ASYNC_THROUGH write type with S3 underfs

150 views
Skip to first unread message

Xiaohui Liu

unread,
May 25, 2016, 10:28:14 PM5/25/16
to Alluxio Users
Hi, gurus

While using S3 as my underfs, I have set alluxio.user.file.writetype.default=ASYNC_THROUGH in alluxio-site.properties. 

Then I mount a s3 dir to alluxio and upload a few files to the mount point. However, I did not see the files being persisted to S3. Is there any other settings that I should pay attention to?

Regards
Xiaohui

Jiří Šimša

unread,
May 26, 2016, 10:37:05 AM5/26/16
to Xiaohui Liu, Alluxio Users
Hi Xiaohui,

Were the any errors in the log files? If not, how big were the files you were uploading and for how long did you wait before checking S3? The asynchronous persistence happens in the background and if the uploaded files are big relative to your S3 bandwidth, the background upload can take some time to complete.

Best,

--
You received this message because you are subscribed to the Google Groups "Alluxio Users" group.
To unsubscribe from this group and stop receiving emails from it, send an email to alluxio-user...@googlegroups.com.
For more options, visit https://groups.google.com/d/optout.



--
Jiří Šimša

Adam Storm

unread,
Aug 25, 2016, 3:11:27 PM8/25/16
to Alluxio Users, her...@gmail.com
I'm having the same problem, and can't figure out what's going on.  I'm trying to use ASYNC_THROUGH with an S3 underfs and the written file shows up in the UI with persistence state "IN_PROGRESS" indefinitely (even if I send no additional write requests to Alluxio - i.e.
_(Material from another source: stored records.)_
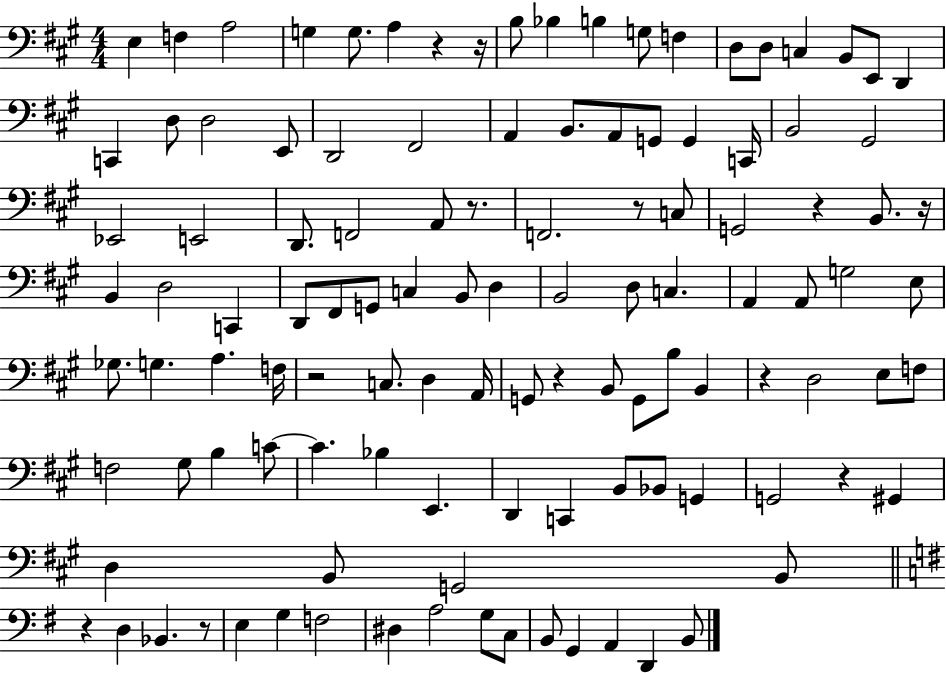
E3/q F3/q A3/h G3/q G3/e. A3/q R/q R/s B3/e Bb3/q B3/q G3/e F3/q D3/e D3/e C3/q B2/e E2/e D2/q C2/q D3/e D3/h E2/e D2/h F#2/h A2/q B2/e. A2/e G2/e G2/q C2/s B2/h G#2/h Eb2/h E2/h D2/e. F2/h A2/e R/e. F2/h. R/e C3/e G2/h R/q B2/e. R/s B2/q D3/h C2/q D2/e F#2/e G2/e C3/q B2/e D3/q B2/h D3/e C3/q. A2/q A2/e G3/h E3/e Gb3/e. G3/q. A3/q. F3/s R/h C3/e. D3/q A2/s G2/e R/q B2/e G2/e B3/e B2/q R/q D3/h E3/e F3/e F3/h G#3/e B3/q C4/e C4/q. Bb3/q E2/q. D2/q C2/q B2/e Bb2/e G2/q G2/h R/q G#2/q D3/q B2/e G2/h B2/e R/q D3/q Bb2/q. R/e E3/q G3/q F3/h D#3/q A3/h G3/e C3/e B2/e G2/q A2/q D2/q B2/e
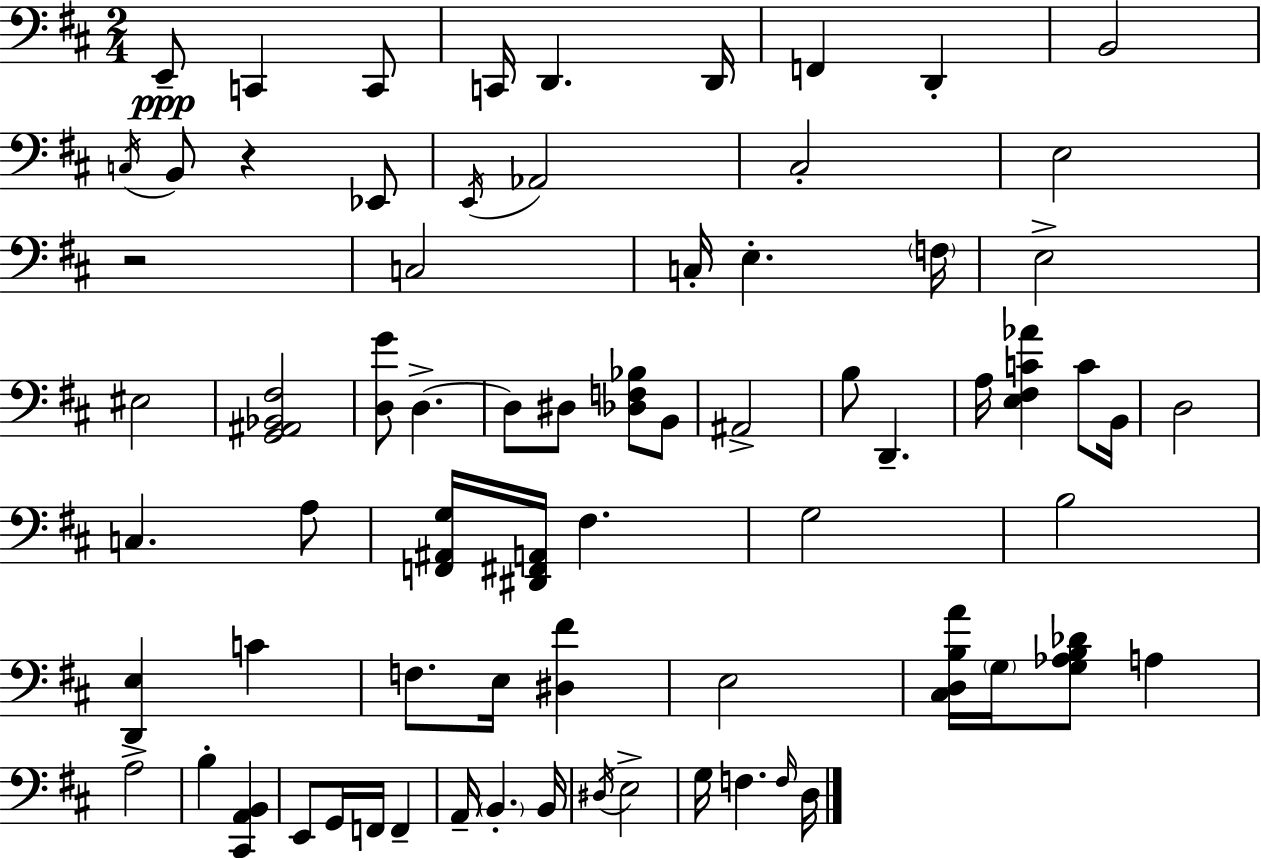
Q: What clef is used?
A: bass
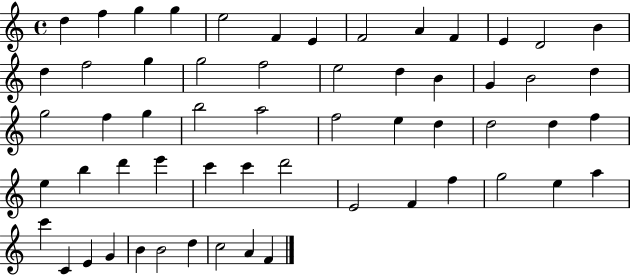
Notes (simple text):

D5/q F5/q G5/q G5/q E5/h F4/q E4/q F4/h A4/q F4/q E4/q D4/h B4/q D5/q F5/h G5/q G5/h F5/h E5/h D5/q B4/q G4/q B4/h D5/q G5/h F5/q G5/q B5/h A5/h F5/h E5/q D5/q D5/h D5/q F5/q E5/q B5/q D6/q E6/q C6/q C6/q D6/h E4/h F4/q F5/q G5/h E5/q A5/q C6/q C4/q E4/q G4/q B4/q B4/h D5/q C5/h A4/q F4/q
Alluxio is idle).  I've tried with various file sizes (1 MB - 1 GB, and in-between) with no luck.  What's strange is that if I issue an 'alluxio fs persist' command, the file gets persisted.

I've poked around in the logs a bit, but can't find anything obvious there.

Is there some explicit configuration required to get ASYNC_THROUGH working?

I'm running Alluxio 1.2.0.

Yupeng Fu

unread,
Aug 25, 2016, 3:19:22 PM8/25/16
to Adam Storm, Alluxio Users, her...@gmail.com
Hi Adam,

Can you paste the logs from master and workers? Also, make sure you set the s3 credentials on all the master and workers.

Thanks,
To unsubscribe from this group and stop receiving emails from it, send an email to alluxio-users+unsubscribe@googlegroups.com.

Jiří Šimša

unread,
Aug 25, 2016, 3:22:44 PM8/25/16
to Adam Storm, Alluxio Users, Xiaohui Liu
Hi Adam,

Is you workload using HDFS API or native Alluxio API? In particular, how do you configure the write type (e.g. alluxio-site.properties file vs. passing CreateFileOptions to CreateFile)?

Best,

On Thu, Aug 25, 2016 at 12:11 PM, Adam Storm <ajs...@gmail.com> wrote:
To unsubscribe from this group and stop receiving emails from it, send an email to alluxio-users+unsubscribe@googlegroups.com.

For more options, visit https://groups.google.com/d/optout.

Adam Storm

unread,
Aug 25, 2016, 6:22:54 PM8/25/16
to Alluxio Users, ajs...@gmail.com, her...@gmail.com
Thanks for the quick responds Yupeng.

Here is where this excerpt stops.